Segment Start: Provided entries

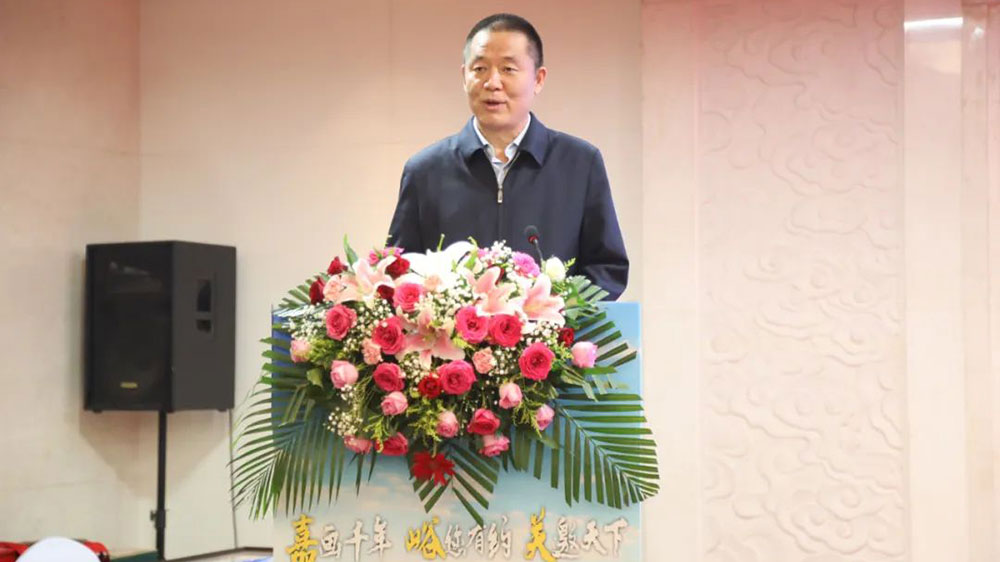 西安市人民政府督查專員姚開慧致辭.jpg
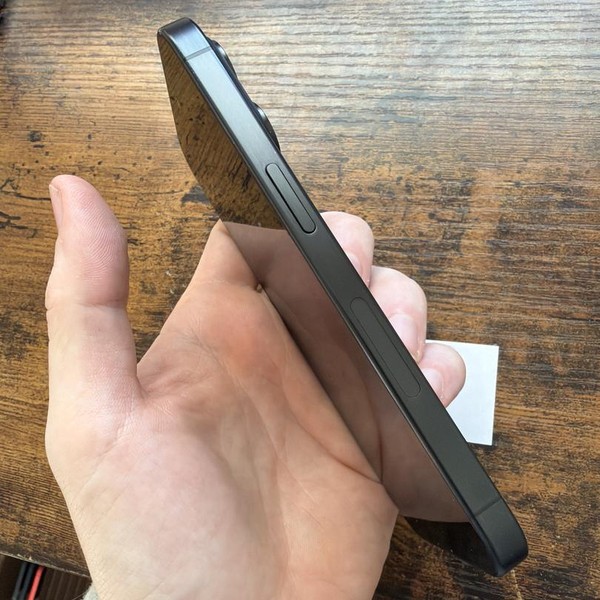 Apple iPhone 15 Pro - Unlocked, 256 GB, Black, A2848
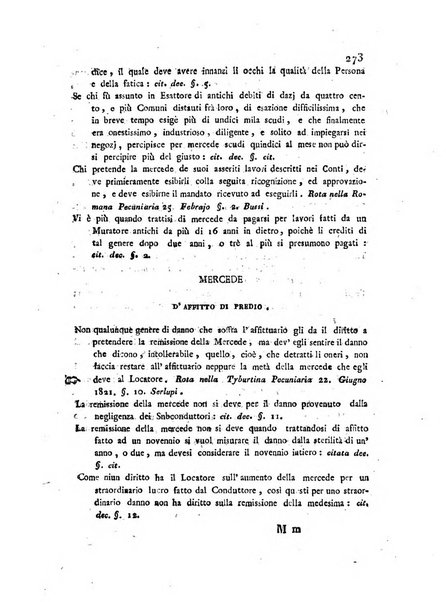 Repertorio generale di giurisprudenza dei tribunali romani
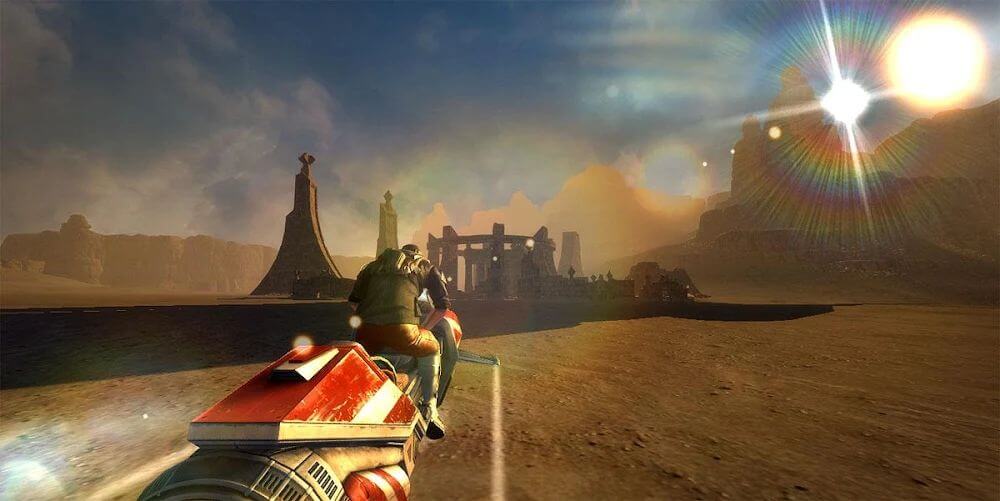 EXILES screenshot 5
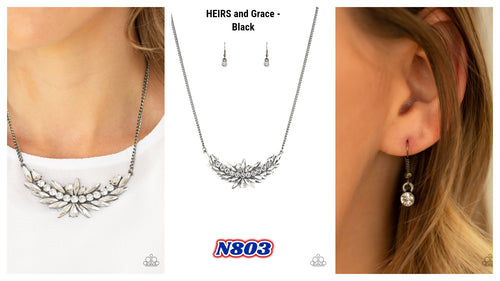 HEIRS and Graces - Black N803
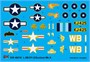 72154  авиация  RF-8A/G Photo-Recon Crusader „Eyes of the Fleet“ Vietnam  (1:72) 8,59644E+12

Segment End: Provided entries
Segment Start: Provided entries

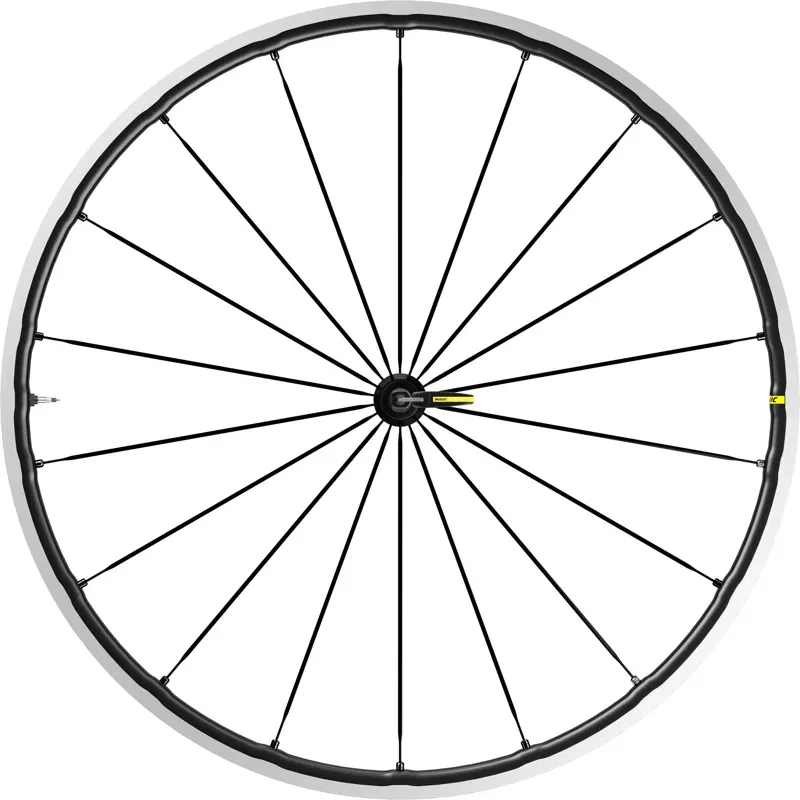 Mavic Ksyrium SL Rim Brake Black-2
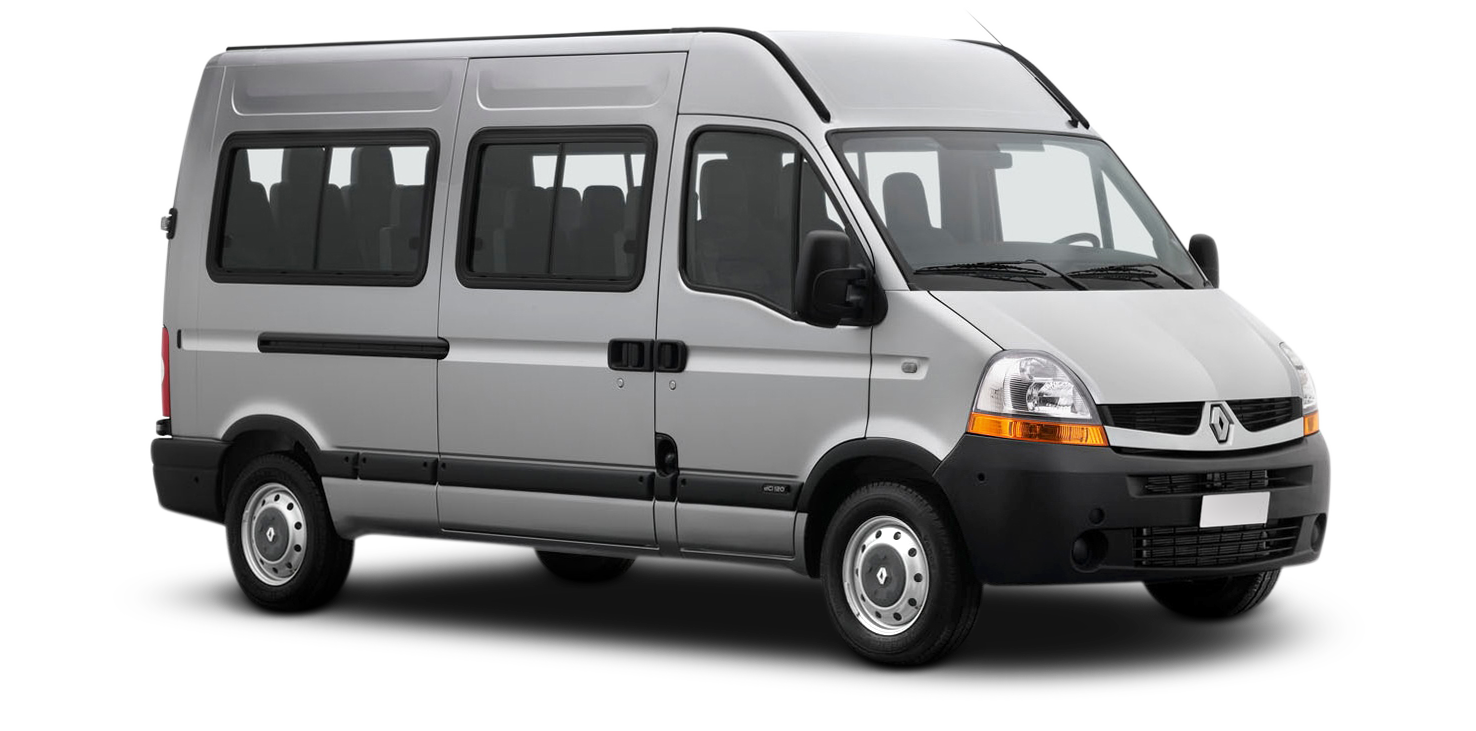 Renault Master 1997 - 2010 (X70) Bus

Segment End: Provided entries
Segment Start: Provided entries

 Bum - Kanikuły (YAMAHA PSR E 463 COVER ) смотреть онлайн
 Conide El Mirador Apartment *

Segment End: Provided entries

◆ Exercise objective ◆
In the data above, retype only the stretch from the line with "HEIRS and Graces - Black N803" through the line with "RF-8A/G Photo-Recon Crusader", word for word, and skip any pictures.

◆ Output for this exercise ◆
 HEIRS and Graces - Black N803
 72154  авиация  RF-8A/G Photo-Recon Crusader „Eyes of the Fleet“ Vietnam  (1:72) 8,59644E+12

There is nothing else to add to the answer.